European countries are connected with one another for decades now and transmission system operators have been working in regions since the 1950s. Indeed, there is no way to stop electrons at the border. Managing one’s grid means coordinating actions with your neighbours.
Interconnections have been growing together with more variability of power flows. The regional coordination of transmission system operators has grown with the European energy transition. In the future, more coordination will take place notably to accompany the 4th industrial revolutions around digitisation.
History of regional cooperation
Regional Coordination Centres to become operational as per the revised Electricity Regulation
Meet The Regional Security Coordinators Centers and Regional Security Coordinators
- Transmission System Operator Security Cooperation (TSC)
- Security Coordination Centre (SCC)
- Nordic RSC
- Baltic RSC
- Southeast Electricity Network Coordination Center (SEleNe CC)
Roles and Decision making
Decisions are made every step of the way, find out who does what and when.
What’s the role of the TSO?
TSOs are responsible for security of supply in their area. In order to do this they plan decades ahead (the 10-year network development plan at national and European level) how the grid will need to evolve depending on the big trends in the power system (more decentralisation, more renewables, storage, greater role for markets…). 5 to 10 years in advance they assess whether the system is fit to cover demand always (system adequacy assessment at national but also European level (ERAA)).

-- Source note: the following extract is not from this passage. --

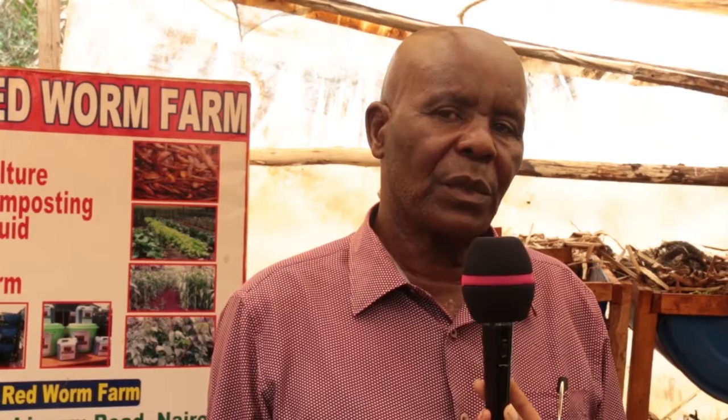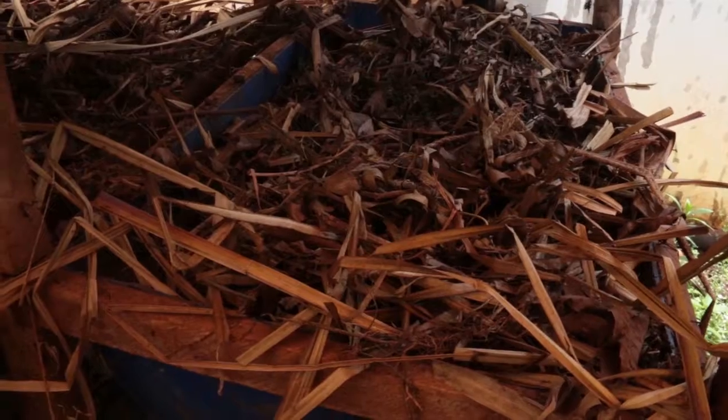The third use for worms is that you can feed these worms to chicken or to fish, because the worms are pure protein and feeding them to livestock actually adds a lot of weight to them.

From a year in advance to real time, TSOs run a continuous series of calculations and adapt their assumptions constantly to new issues arising on their grid but also that of their neighbours.

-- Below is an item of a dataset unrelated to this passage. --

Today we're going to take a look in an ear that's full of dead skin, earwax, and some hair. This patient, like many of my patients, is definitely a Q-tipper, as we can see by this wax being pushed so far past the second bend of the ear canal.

The TSOs are taking decisions all the way through which all impact on what happens when the electricity is sent on the grid – dispatch or real time. If something happens that endangers security of supply, TSOs must react with seconds or even faster as electricity travels at the speed of light.
If despite their efforts, there is an incident, it is easy to trace back where the problem came from, fix it and give compensation to the affected grid users.
Long term-1 year or more
Operational planning-1 year to -1 hour
Real time1 hour to RT
What services does an RCC/RSC offer?
RCCs/RSCs intervene from one year ahead to one hour before dispatch. They run calculations and make recommendations that TSOs in the clear majority of cases follow but as situations can evolve very fast in a power system, TSOs can deviate from those recommendations to keep the lights on.
In the multilateral agreement that ENTSO-E members have all signed, RCCs/RSCs must carry out five services:
- Security analysis
- Capacity calculation
- Outage coordination
- Adequacy forecast
- Common grid model
In performing their tasks under Union law, regional coordination centres shall act independently of individual national interests and independently of the interests of transmission system operators.
Regional coordination centres shall be equipped with all human, technical, physical and financial resources necessary for fulfilling their obligations under the Electricity Regulation and carrying out their tasks independently and impartially.
What's the role of ENTSO-E?
The multilateral agreement and system operation guideline give ENTSO-E the role to support the TSOs and their regional strategy. They do so by providing IT tools and systems such as the common grid model which allow TSOs to improve their operational planning at regional and pan European level but also by communication on the RSCs and the TSOs roles.